There seems to be excitement around two major price drivers: (1) plateau/decline in domestic production, and (2) the march toward LNG exports, which have commenced and are running about 0.5 to 0.6 BCFD at present. However, unless we soon see a notable decrease in production from current levels, the hope for further increases will have to come from weather and economic recovery. The US economy is growing too slowly to generate the kind of power demand growth we have seen in earlier recoveries, and many ISOs are forecasting 1% or lower annual demand growth.
I would contend that the power generation market has the potential to disappoint gas bulls. Acknowledging that there will be further gains from coal plant closures, the fact remains that coal switching is the source of so much current demand that a return to the $3 price range for Henry Hub would quickly offset that.

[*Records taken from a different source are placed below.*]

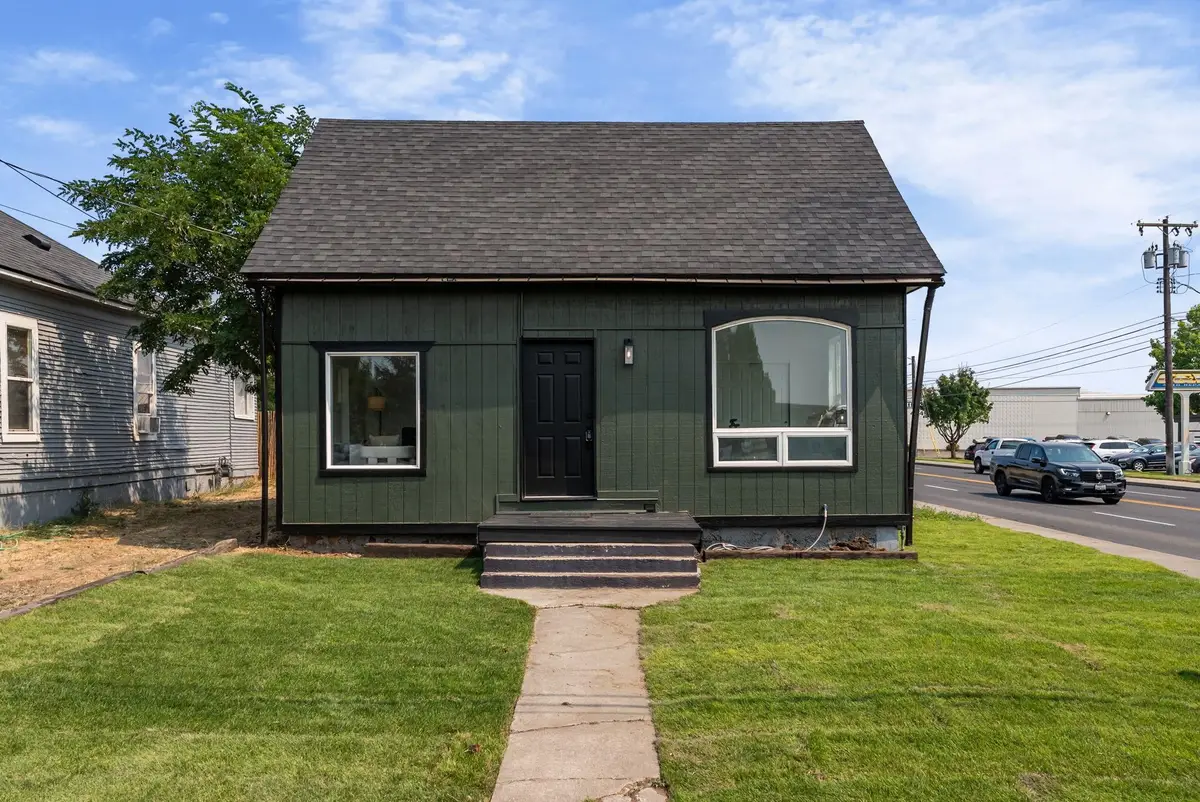 2802 N Standard St, Spokane, WA 99207 - #1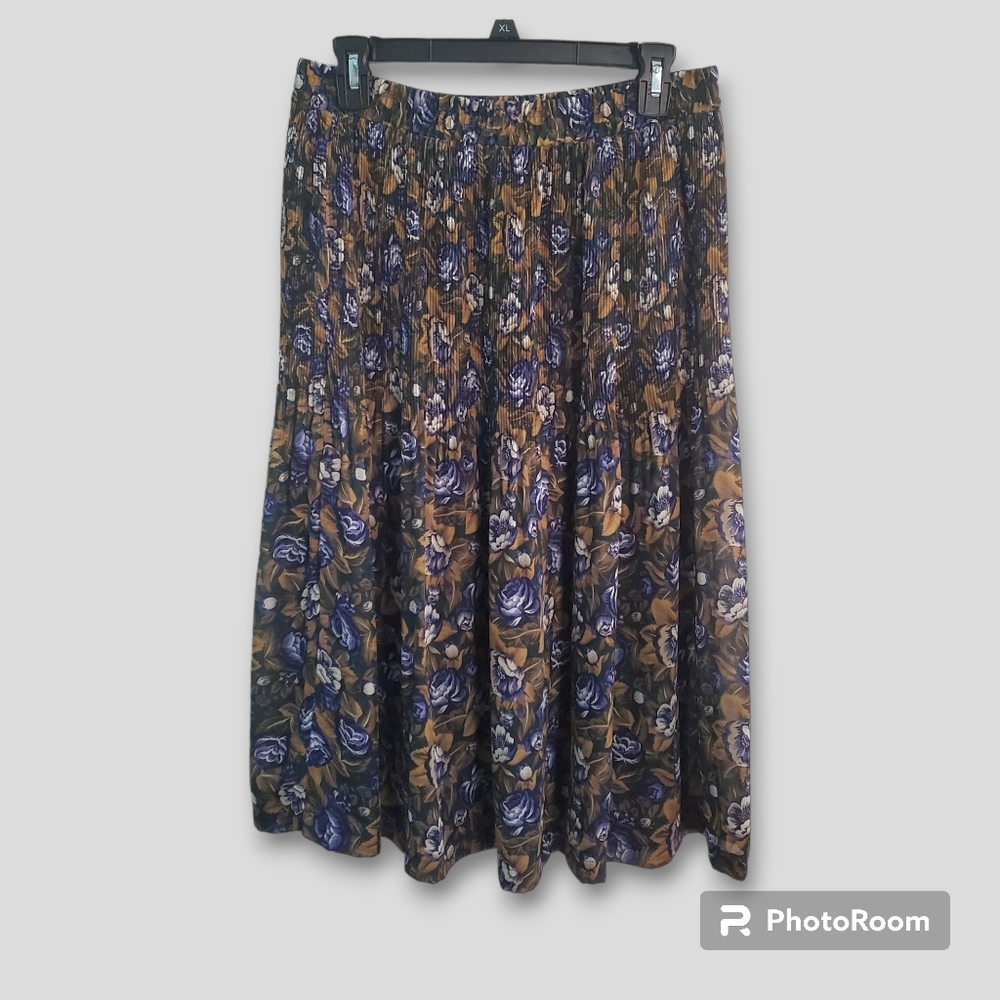 Sag Harbor Petites vintage pleated midi sheer skirt, size M Garden Floral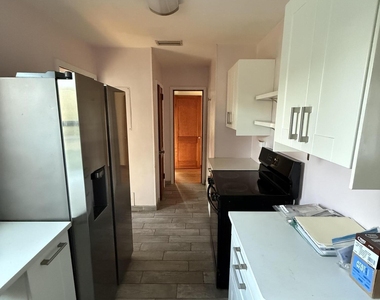 1096 East Coast Drive - Photo Thumbnail 4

The other problem, and it is a big one, is the rise of renewables. We are in an environment where power demand growth is hard to detect. And total US daily demand averages somewhere near 11,000 GWH:
If power demand is growing nationally at 0-1%, that's an increase of between zero and 110 GWHD. With that in mind, the expected new installs of solar and wind this year, adjusted for their anticipated capacity factors, only need to exceed that number in order for the hydrocarbon-based power market to shrink. Here are the monthly historicals for those two power sources:
Can gas go to $3? Absolutely. But barring persistent abnormal weather, the glass ceiling is at $3 or below. The 2 year decline in rig count has some licking their chops over production declines, but the uncompleted well inventory and the drilling efficiency of the few working rigs will address any shortfalls. And at $3, there are enough economic drill sites that we should see a rapid return of the rig fleet, albeit at much lower drilling and fracking day rates.